Pero «¡qué poco poco dura la alegría en casa del pobre!». Durante los últimos ciento veinte tediosos y largos días, los votantes de izquierdas hemos sufrido distintos estados de ánimo a veces indignados, a veces esperanzados, a veces resignados, otras con tristeza y todos al comprobar como con el paso del tiempo aquellos en los que depositamos nuestra confianza, solo han mostrado una incapacidad absoluta para llegar a un acuerdo. Reunión tras reunión solo han conseguido poner de manifiesto una intransigencia y una testarudez que les ha llevado de ser posibles socios de gobierno a ser enemigos políticos. El creer por separado que cada uno de ellos estaba en posesión de la verdad y personificándose como los verdaderos y únicos representante de la izquierda han posibilitado que el amor propio y el egoísmo personal salpique y obstaculice cualquier posible acuerdo, por mínimo que fuera. Inmersos en demostrar que cada uno es mejor que el otro, se han olvidado del resto del mundo y lo que es peor del Partido Popular. En consecuencia y en un ejercicio de irresponsabilidad irritante de la izquierda española, ya no recuerdan la fidelidad del votante del PP y se olvidan valorar las encuestas que dan como ganadores de las próximas elecciones a los mismos que han llevado a la quiebra el estado de bienestar de los españoles, a aquellos que presumían de ser amigos de Rodrigo Rato, de Rus, de Fabra, de Granados o de Rita Barbera, entre otras.

Los pactos entre partidos políticos de izquierdas nunca han sido fáciles, basta con recordar en manos de quién estaba la Segunda República cuando desapareció trágicamente o la visión más simpática, y no falta de realidad, de los Monty Python en el largometraje La vida de Brian.

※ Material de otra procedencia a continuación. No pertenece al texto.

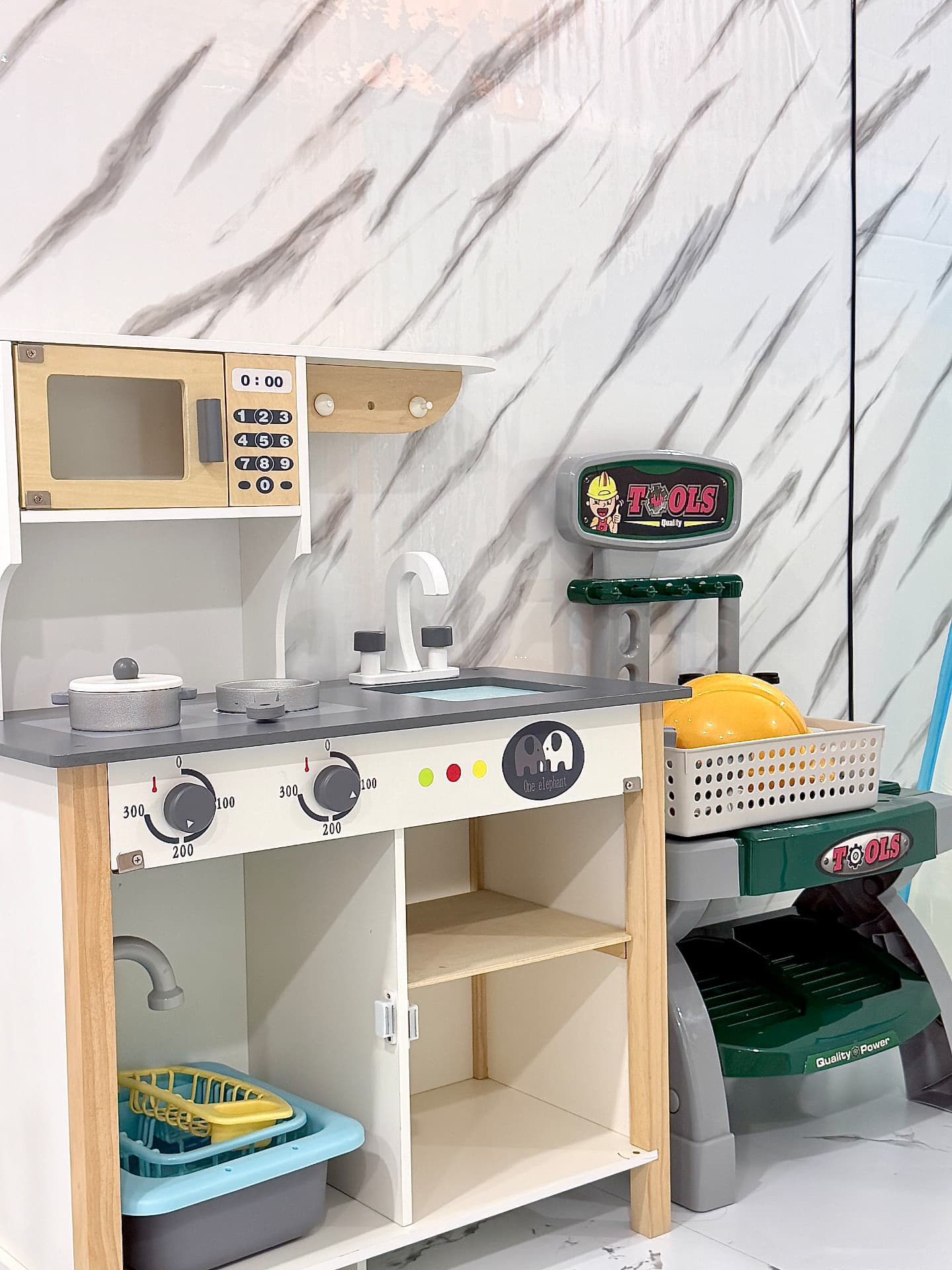 A wooden play kitchen and toy workbench set up for pretend play.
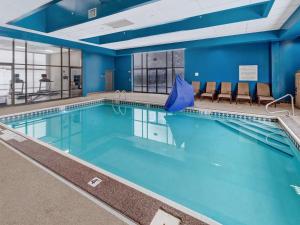 蒙罗维尔匹兹堡门罗维尔希尔顿恒庭酒店的一个带蓝色墙壁和椅子的大型游泳池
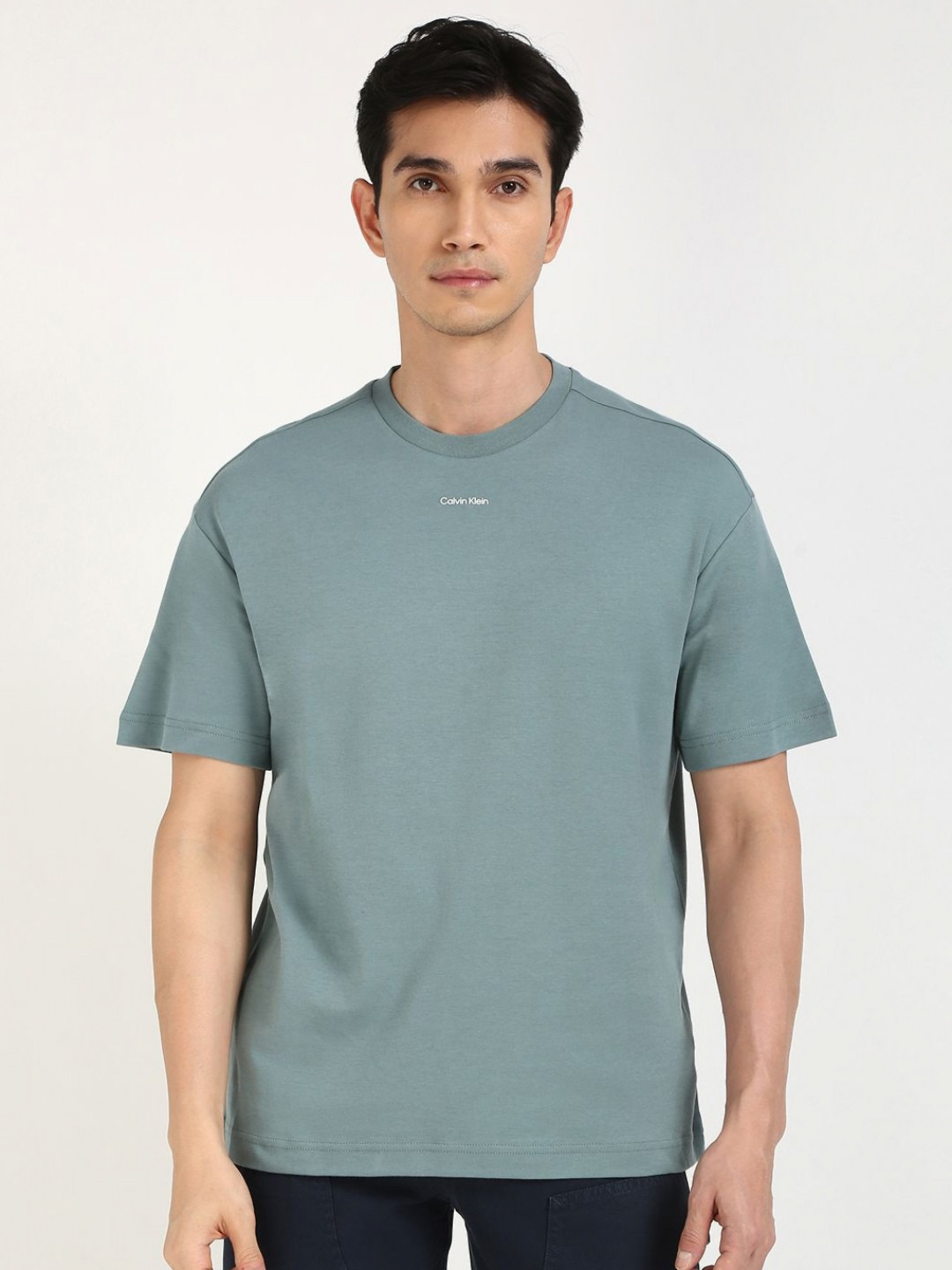 

Calvin Klein Jeans Men Solid Round Neck Cotton Relaxed Fit T-shirt, Blue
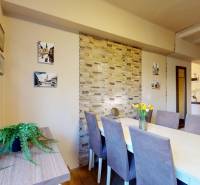 Dining area in a 2-room apartment with a wood-patterned floor and a decorative wall.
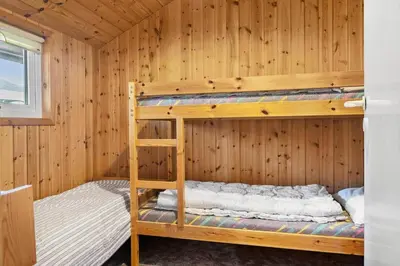a room with two bunk beds in a wooden wall at 646-Thisted-Bredkaervej-43 in Thisted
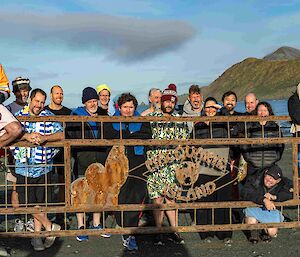 People stand behind a gate with hills and blue sky behidn them.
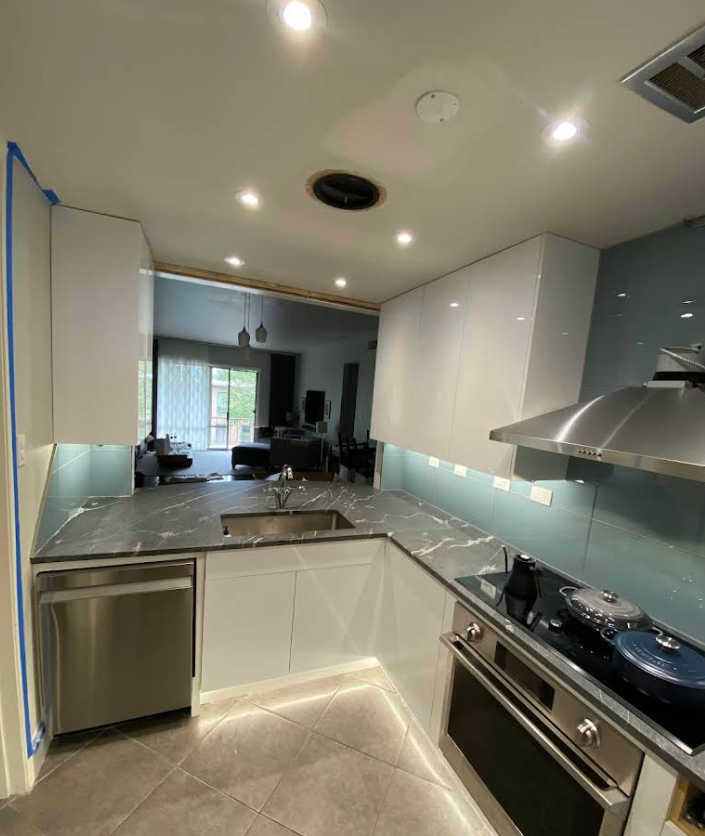 A modern kitchen featuring white cabinets, dark marble countertops, a blue glass backsplash, and stainless appliances.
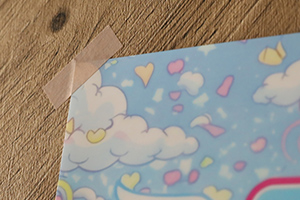 ポスターの左上をマスキングテープで止めている様子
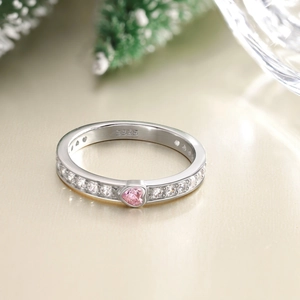 Gros plan d'une bague en argent S925 avec une pierre cœur rose et petits diamants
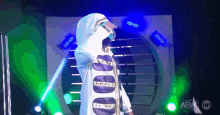 a person in a white hooded jacket stands in front of a sign that says aew on it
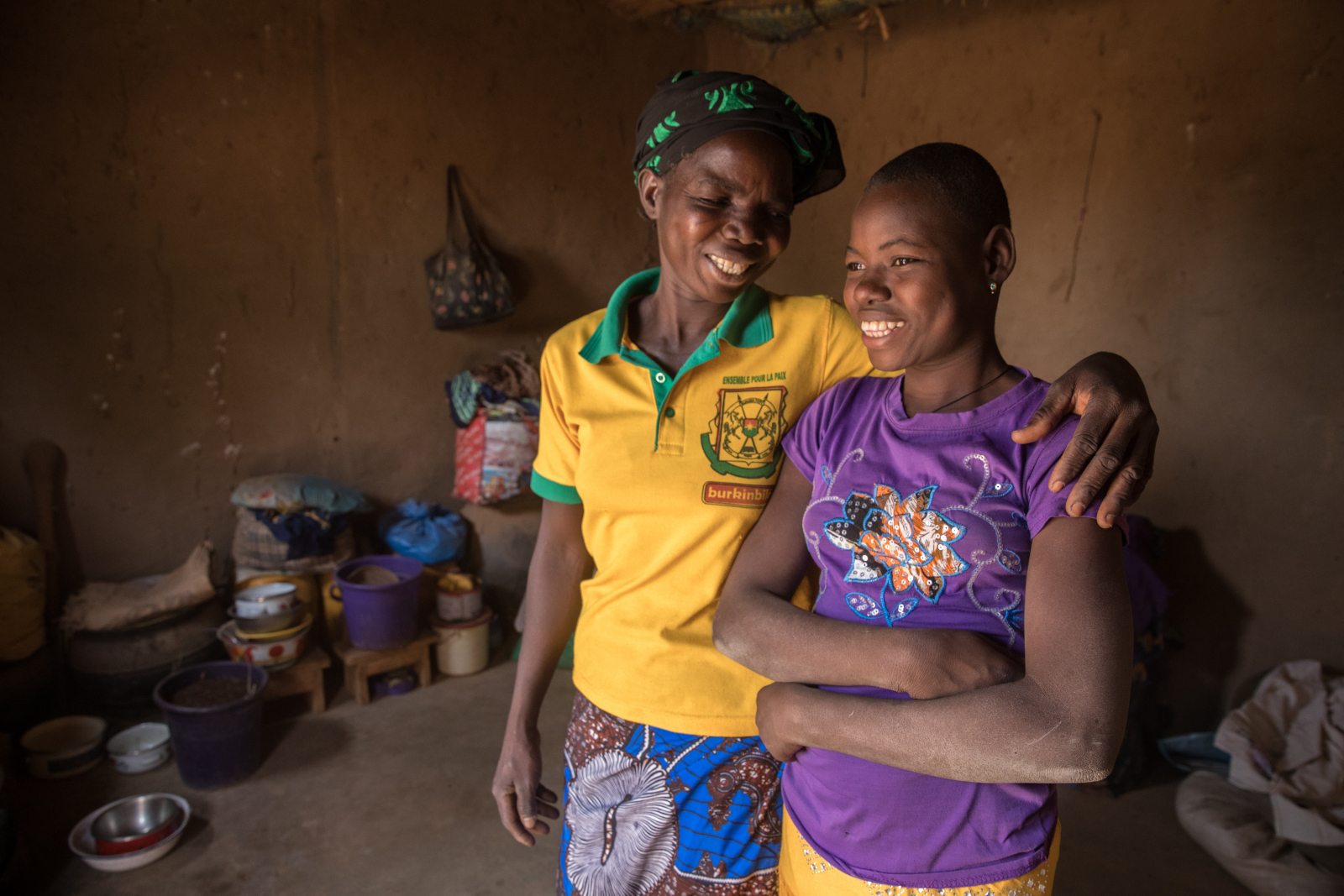 Two people smiling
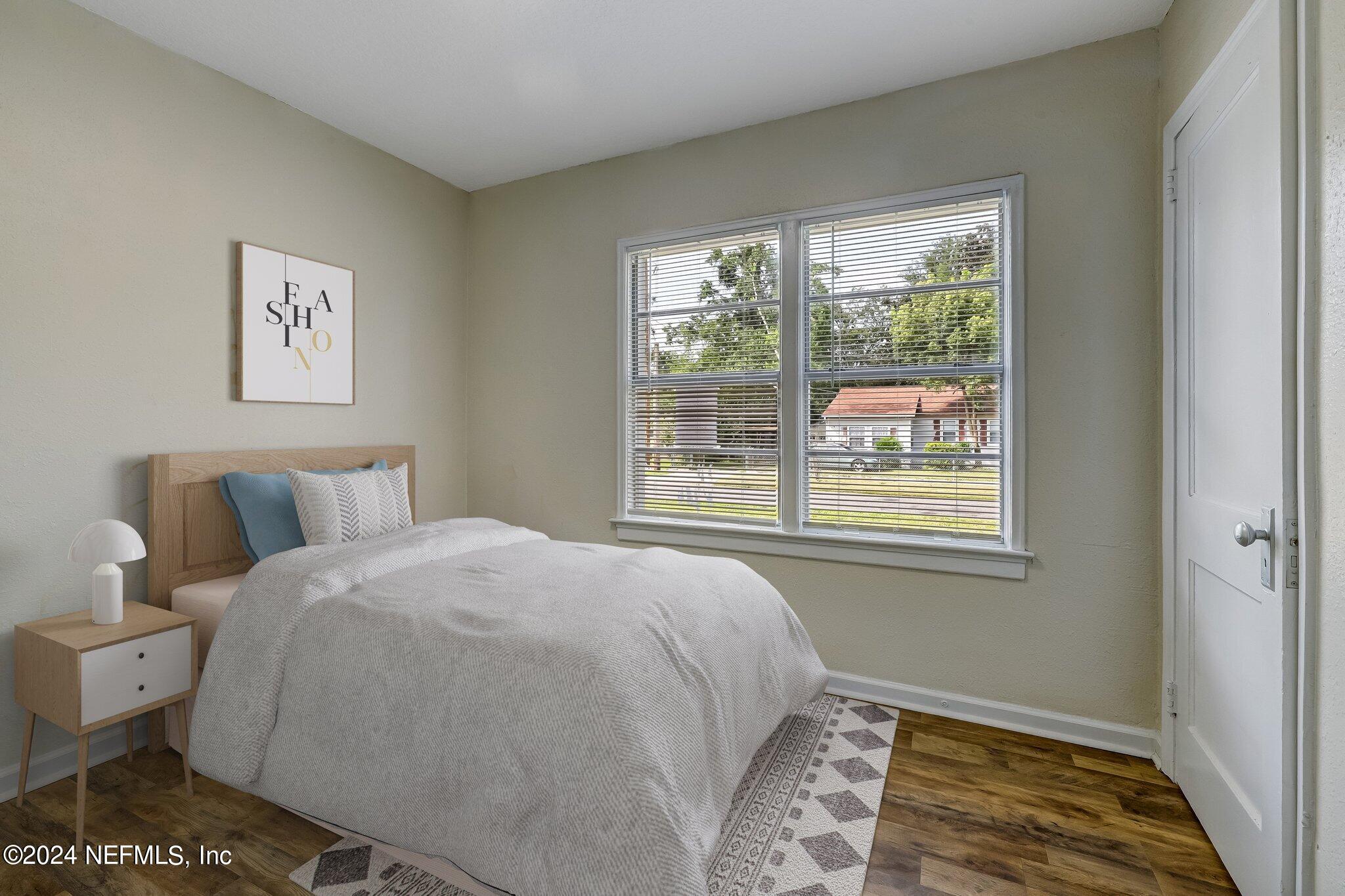 4917 Dundee Road Jacksonville, FL 32210 - Photo 13 of 26 a bedroom with a bed and a window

Eso no exculpa la negligencia y la imprudencia tanto de Pedro Sánchez como de Pablo Iglesias al llevarnos a un callejón cuya única salida es la convocatoria de nuevas elecciones. Si de nuevo tenemos que acudir a las urnas y aunque la izquierda haya maltratado brutalmente nuestras ilusiones, aunque haya arrojado los votos del 20 de diciembre a la papelera, no podemos dejarnos invadir por la rabia, la desidia o el desencanto. El 26 de junio hay mucho en juego y no podemos cometer el error de olvidar nuestra obligación de acudir a los colegios electorales ya que de esos votos depende nuestra sanidad, nuestra educación y nuestro bienestar y no sólo el nuestro, también nos jugamos el futuro de nuestros hijos.